What about cancellations? The DOT says they rose “slightly,” from 1.2 percent last July to 1.4 percent this July. But while percentages can be instructive, it’s worthwhile to look at the raw numbers:
- July 2009: 580,134 flights; 6,838 cancellations; 1.2 percent
- July 2010: 570,788 flights; 8,170 cancellations; 1.4 percent
So, July 2010 saw 1,300 more cancellations despite there being nearly 10,000 fewer flights. What does this mean? No idea. CrankyFlier points out that Delta had a really bad month for cancellations, so maybe the numbers would look better if Delta had its act together.
Still, with three months of data on record since the tarmac delay rules took effect, a pattern is beginning to emerge: Tarmac delays have all but disappeared, but cancellations have crept up. In May, the first full month with the new policy, cancellations jumped to 1.2 percent, from 0.9 percent in May 2009. Cancellations then rose from May to June, though June 2010 was on par with June 2009.
I’ve been saying all along that it’s too soon to draw sweeping, final judgment on the DOT’s tarmac delay rule. We need a full year of data before we can extrapolate any meaningful conclusions.

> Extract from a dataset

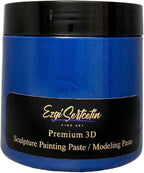 3D Sculpture Painting Paste|Texture Paste|Decorative Plaster|Ready to Use|Unique Colors|Ideal for Artwork|Stencil|Flowers|Texture|Art Relief| 6 oz (Metallic Dark Blue)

And yet, the first three months of data aren’t encouraging. At some point, hopefully we’ll get a more in-depth look at what connection, if any, there is between the regulations and cancellations. The possible correlation between tarmac delays and cancellations could be merely a coincidence, but absent definitive evidence from the DOT or airlines themselves, it’s difficult to tell. A few more months of conspicuous cancellation numbers, however, will be impossible to ignore.
Readers, what do you think is going on here?